And that raises a question about Trump’s Republican establishment: What does it stand for? How does Trump decide which candidates to endorse or oppose?
His remarks in Wyoming indicate three guiding principles. The first is personal loyalty to Donald J. Trump. Cheney’s cardinal offense, as described by Trump, was “going after your president” for inciting the January 6th attack. Toomey’s offense, similarly, was that “he raised his hand to impeach me” over the insurrection.
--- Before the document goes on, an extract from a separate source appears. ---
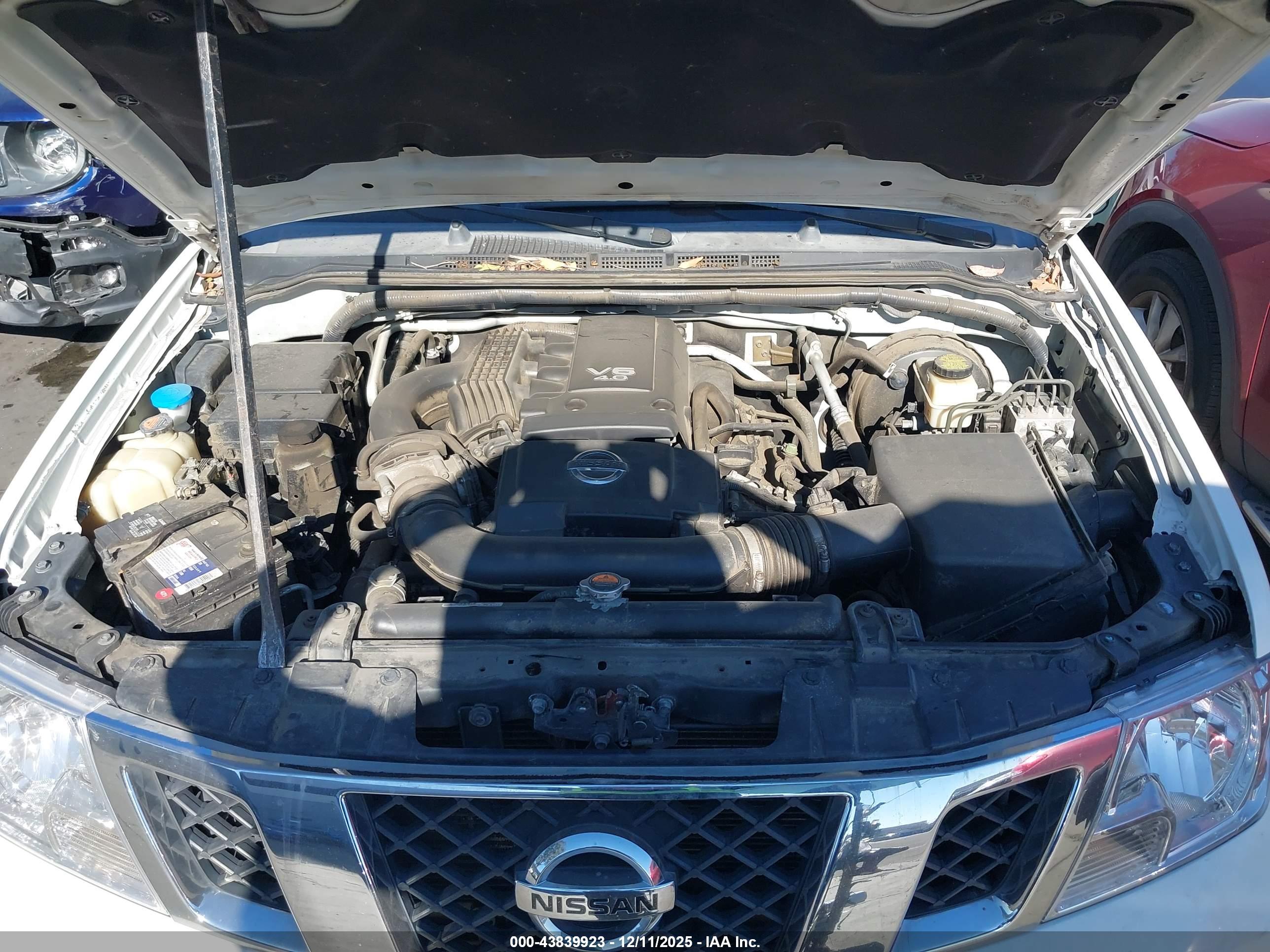 NISSAN FRONTIER image 10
Trump’s second principle is defending corruption. In 2009, President George W. Bush refused to pardon Dick Cheney’s former chief of staff, Scooter Libby, who had been convicted of perjury. Bush concluded that Libby had lied to prosecutors and that it would be wrong to let him off the hook. Trump, who had no such scruples, pardoned Libby nine years later. On Saturday, at the Wyoming rally, Trump scorned Bush for failing to use the pardon power to pay back Libby, whom Trump described as the Bush administration’s “protector.”
Third, Trump doesn’t cotton to people—such as Cheney—who oppose Vladimir Putin’s Russia. Instead he defends candidates such as J.D. Vance, Madison Cawthorn, and Marjorie Taylor Greene, who spout Russian propaganda and oppose military aid to Ukraine.